Dee74 07-11-2015 05:27 PM

I thought I couldn't cope without alcohol either Harry.

It took some time faith and patience and a real commitment to staying sober but I did it.

it's rough for a little while but it's a pretty good deal when you consider we drank for years.

It's important to have a support network tho.
What's yours like?

D

Elizabeth333 07-11-2015 05:27 PM

Hi - I drank for 30 years and thought there was no way I could exist without the drink - after losing almost everything - luckily not killing anyone - I found myself considering ending it all - until I looked into a child's eyes one early morning and knew that I had to live, really live. You can do this - there is nothing in a drink, except darkness and despair.
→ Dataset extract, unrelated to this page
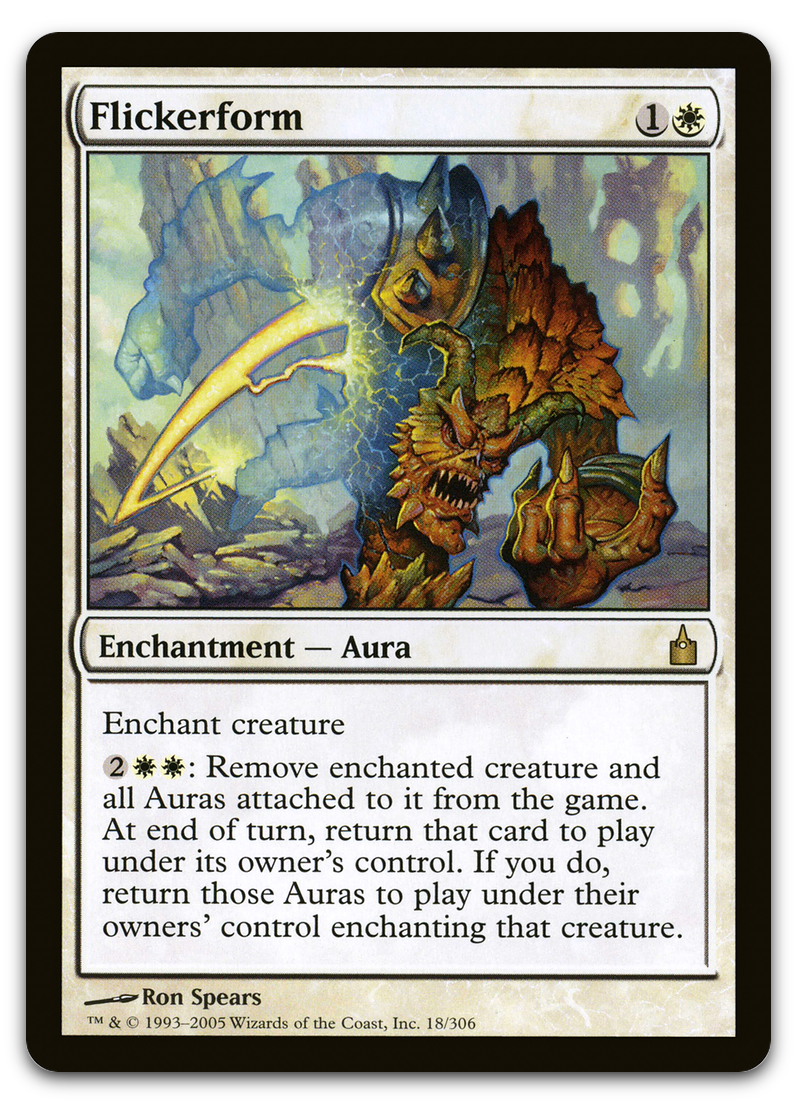 Flickerform (Ravnica: City of Guilds)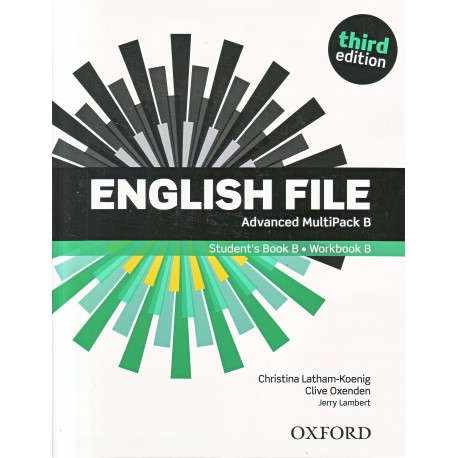English File Third Edition Advanced Multipack B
trachemys 07-11-2015 05:28 PM


Can't cope without alcohol
Bull****.

Soberwolf 07-11-2015 05:38 PM

Having a recovery plan really helps Harry

Hevyn 07-11-2015 06:31 PM

Harry, I never imagined life without it either. Like Elizabeth, I drank 30 yrs. It was part of everything I did. I failed to realize that the fun times had been over for a long time. In the end, I was just drinking so I wouldn't shake. It took me a while to stop feeling resentful, but my new life took over. I felt hope and joy again. You can get free Harry.

Anna 07-11-2015 06:32 PM

Harry, you absolutely can cope without alcohol.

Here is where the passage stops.